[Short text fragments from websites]

*-*-*

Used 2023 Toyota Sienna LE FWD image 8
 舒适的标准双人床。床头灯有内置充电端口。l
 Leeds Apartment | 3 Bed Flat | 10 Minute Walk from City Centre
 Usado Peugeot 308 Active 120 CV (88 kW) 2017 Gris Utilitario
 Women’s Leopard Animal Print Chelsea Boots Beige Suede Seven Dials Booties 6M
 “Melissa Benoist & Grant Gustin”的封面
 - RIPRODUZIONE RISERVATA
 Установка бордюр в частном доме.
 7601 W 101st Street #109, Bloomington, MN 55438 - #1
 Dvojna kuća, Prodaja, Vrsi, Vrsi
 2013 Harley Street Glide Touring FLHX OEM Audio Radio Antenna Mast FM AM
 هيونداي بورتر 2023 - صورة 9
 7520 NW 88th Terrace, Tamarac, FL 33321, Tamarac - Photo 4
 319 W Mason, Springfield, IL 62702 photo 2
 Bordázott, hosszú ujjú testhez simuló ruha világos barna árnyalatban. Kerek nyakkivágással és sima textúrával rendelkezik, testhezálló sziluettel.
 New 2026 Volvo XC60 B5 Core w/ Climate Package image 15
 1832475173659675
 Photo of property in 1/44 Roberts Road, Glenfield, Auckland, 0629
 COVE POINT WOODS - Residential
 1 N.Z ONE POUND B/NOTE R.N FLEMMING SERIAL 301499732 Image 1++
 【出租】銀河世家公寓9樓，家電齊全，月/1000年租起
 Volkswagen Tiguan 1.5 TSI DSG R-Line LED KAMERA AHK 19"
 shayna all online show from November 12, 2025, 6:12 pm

*-*-*

What is needed is an exact, complete copy of the entries above.

Used 2023 Toyota Sienna LE FWD image 8
 舒适的标准双人床。床头灯有内置充电端口。l
 Leeds Apartment | 3 Bed Flat | 10 Minute Walk from City Centre
 Usado Peugeot 308 Active 120 CV (88 kW) 2017 Gris Utilitario
 Women’s Leopard Animal Print Chelsea Boots Beige Suede Seven Dials Booties 6M
 “Melissa Benoist & Grant Gustin”的封面
 - RIPRODUZIONE RISERVATA
 Установка бордюр в частном доме.
 7601 W 101st Street #109, Bloomington, MN 55438 - #1
 Dvojna kuća, Prodaja, Vrsi, Vrsi
 2013 Harley Street Glide Touring FLHX OEM Audio Radio Antenna Mast FM AM
 هيونداي بورتر 2023 - صورة 9
 7520 NW 88th Terrace, Tamarac, FL 33321, Tamarac - Photo 4
 319 W Mason, Springfield, IL 62702 photo 2
 Bordázott, hosszú ujjú testhez simuló ruha világos barna árnyalatban. Kerek nyakkivágással és sima textúrával rendelkezik, testhezálló sziluettel.
 New 2026 Volvo XC60 B5 Core w/ Climate Package image 15
 1832475173659675
 Photo of property in 1/44 Roberts Road, Glenfield, Auckland, 0629
 COVE POINT WOODS - Residential
 1 N.Z ONE POUND B/NOTE R.N FLEMMING SERIAL 301499732 Image 1++
 【出租】銀河世家公寓9樓，家電齊全，月/1000年租起
 Volkswagen Tiguan 1.5 TSI DSG R-Line LED KAMERA AHK 19"
 shayna all online show from November 12, 2025, 6:12 pm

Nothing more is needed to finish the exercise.